Yandex Cloud Production Cluster — Bootstrap Guide

Prerequisites

  • kubeconfig file placed at ~/infra/yandex-prod/kubeconfig
  • kubectl context pointing to the new yc-prod cluster
  • Domaster prod.t01tt.tech DNS managed (can be updated later in Phase 5)
  • git and helm installed locally

Phase 0: Verify Cluster Access

export KUBECONFIG=~/infra/yandex-prod/kubeconfig

kubectl get nodes
# Expected: 3 nodes Ready, 2CPU/8GB each

kubectl get sc
# Expected: yc-network-hdd (default), yc-network-ssd, yc-network-nvme, ...

Phase 1: Bootstrap Gitea (internal access only)

Gitea hosts the Git repo that ArgoCD reads.
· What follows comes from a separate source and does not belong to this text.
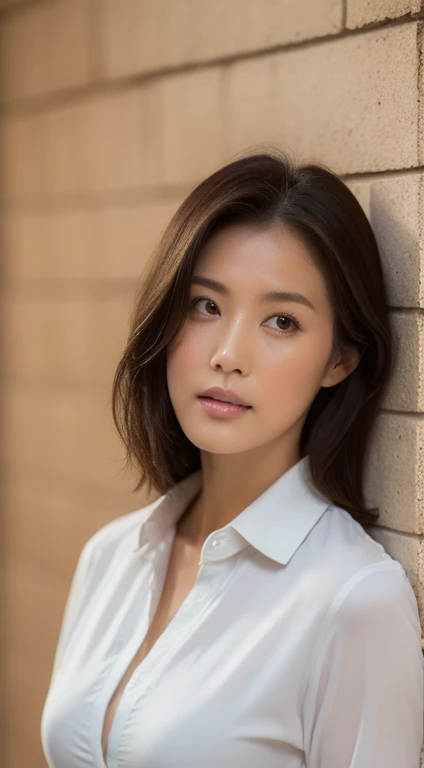 (masterpiece, best quality), soothing tones, muted colors, high contrast, natural skin texture, soft light, sharp, looking at viewer, Nature soft drop breasts, pale skin, transparent and delicate face, bare face, without makeup, nsfw,
cement brick wall background ,old cement wall background, half body photo, dark theme ,(business shirt:1.2), open shirt,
Deploy it first, but without ingress — we access it via port-forward.

kubectl apply -f bootstrap/gitea/namespace.yaml
kubectl apply -f bootstrap/gitea/pvc.yaml
kubectl apply -f bootstrap/gitea/deployment.yaml
kubectl apply -f bootstrap/gitea/service.yaml
# NOTE: Do NOT apply ingress.yaml yet — no Traefik or cert-manager exists

Wait for Gitea to be ready, then port-forward and configure:

kubectl wait deploy/gitea -n gitea --for=condition=available --timeout=120s

# Port-forward in a separate terminal:
kubectl port-forward svc/gitea 3000:3000 -n gitea
  1. Open http://localhost:3000 in a browser
  2. Fill out the install form:
    • Database: SQLite3 (default)
    • Site Title: Gitea
    • Domaster: git.prod.t01tt.tech
    • Application URL: https://git.prod.t01tt.tech
    • Create admin account (username/password/email — save these)
  3. Click "Install Gitea"
  4. Create a new repository: master (must be public, owned by admin)
  5. Close the port-forward (Ctrl+C)

Phase 2: Push Repository to Gitea

cd ~/infra/yandex-prod

git init
git remote add origin http://localhost:3000/admin/master.git
# Or, once Gitea ingress works later, use:
#   git remote add origin https://git.prod.t01tt.tech/admin/master.git

git add -A
git commit -m "initial bootstrap: infrastructure manifests"
git push -u origin master
# Enter Gitea admin credentials when prompted

Phase 3: Install ArgoCD (internal access only)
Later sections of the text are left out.